═══ INPUT DATA ═══
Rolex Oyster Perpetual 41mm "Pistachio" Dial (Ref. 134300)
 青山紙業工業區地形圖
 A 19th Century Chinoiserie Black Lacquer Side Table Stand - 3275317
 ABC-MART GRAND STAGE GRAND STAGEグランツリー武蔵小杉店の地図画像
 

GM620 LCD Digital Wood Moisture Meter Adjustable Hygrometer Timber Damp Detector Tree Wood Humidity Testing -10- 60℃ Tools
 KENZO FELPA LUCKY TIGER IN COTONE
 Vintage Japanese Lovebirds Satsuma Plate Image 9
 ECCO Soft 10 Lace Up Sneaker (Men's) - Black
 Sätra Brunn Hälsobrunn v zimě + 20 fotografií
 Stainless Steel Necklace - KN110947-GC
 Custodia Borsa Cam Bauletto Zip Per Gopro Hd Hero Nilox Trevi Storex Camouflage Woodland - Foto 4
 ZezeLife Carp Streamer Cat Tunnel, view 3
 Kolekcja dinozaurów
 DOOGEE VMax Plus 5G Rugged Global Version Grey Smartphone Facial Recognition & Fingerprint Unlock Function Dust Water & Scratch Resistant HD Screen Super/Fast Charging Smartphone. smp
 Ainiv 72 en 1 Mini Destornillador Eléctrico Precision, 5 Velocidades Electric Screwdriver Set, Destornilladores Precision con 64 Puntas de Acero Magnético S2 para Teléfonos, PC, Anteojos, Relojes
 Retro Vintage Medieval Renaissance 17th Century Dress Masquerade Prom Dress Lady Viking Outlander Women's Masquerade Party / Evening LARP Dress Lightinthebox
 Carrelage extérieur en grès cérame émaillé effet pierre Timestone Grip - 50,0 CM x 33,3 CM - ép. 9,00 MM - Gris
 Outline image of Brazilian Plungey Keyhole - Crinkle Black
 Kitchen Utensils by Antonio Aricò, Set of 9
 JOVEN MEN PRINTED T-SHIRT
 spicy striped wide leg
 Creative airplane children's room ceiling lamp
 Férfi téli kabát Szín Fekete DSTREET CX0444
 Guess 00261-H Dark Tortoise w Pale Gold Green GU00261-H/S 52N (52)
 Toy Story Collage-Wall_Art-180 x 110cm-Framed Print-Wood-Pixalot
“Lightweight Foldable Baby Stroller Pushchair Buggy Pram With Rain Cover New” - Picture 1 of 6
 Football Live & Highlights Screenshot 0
═══
* EXERCISE PROMPT
Every entry should be duplicated exactly as written.

* RESPONSE
Rolex Oyster Perpetual 41mm "Pistachio" Dial (Ref. 134300)
 青山紙業工業區地形圖
 A 19th Century Chinoiserie Black Lacquer Side Table Stand - 3275317
 ABC-MART GRAND STAGE GRAND STAGEグランツリー武蔵小杉店の地図画像
 

GM620 LCD Digital Wood Moisture Meter Adjustable Hygrometer Timber Damp Detector Tree Wood Humidity Testing -10- 60℃ Tools
 KENZO FELPA LUCKY TIGER IN COTONE
 Vintage Japanese Lovebirds Satsuma Plate Image 9
 ECCO Soft 10 Lace Up Sneaker (Men's) - Black
 Sätra Brunn Hälsobrunn v zimě + 20 fotografií
 Stainless Steel Necklace - KN110947-GC
 Custodia Borsa Cam Bauletto Zip Per Gopro Hd Hero Nilox Trevi Storex Camouflage Woodland - Foto 4
 ZezeLife Carp Streamer Cat Tunnel, view 3
 Kolekcja dinozaurów
 DOOGEE VMax Plus 5G Rugged Global Version Grey Smartphone Facial Recognition & Fingerprint Unlock Function Dust Water & Scratch Resistant HD Screen Super/Fast Charging Smartphone. smp
 Ainiv 72 en 1 Mini Destornillador Eléctrico Precision, 5 Velocidades Electric Screwdriver Set, Destornilladores Precision con 64 Puntas de Acero Magnético S2 para Teléfonos, PC, Anteojos, Relojes
 Retro Vintage Medieval Renaissance 17th Century Dress Masquerade Prom Dress Lady Viking Outlander Women's Masquerade Party / Evening LARP Dress Lightinthebox
 Carrelage extérieur en grès cérame émaillé effet pierre Timestone Grip - 50,0 CM x 33,3 CM - ép. 9,00 MM - Gris
 Outline image of Brazilian Plungey Keyhole - Crinkle Black
 Kitchen Utensils by Antonio Aricò, Set of 9
 JOVEN MEN PRINTED T-SHIRT
 spicy striped wide leg
 Creative airplane children's room ceiling lamp
 Férfi téli kabát Szín Fekete DSTREET CX0444
 Guess 00261-H Dark Tortoise w Pale Gold Green GU00261-H/S 52N (52)
 Toy Story Collage-Wall_Art-180 x 110cm-Framed Print-Wood-Pixalot
“Lightweight Foldable Baby Stroller Pushchair Buggy Pram With Rain Cover New” - Picture 1 of 6
 Football Live & Highlights Screenshot 0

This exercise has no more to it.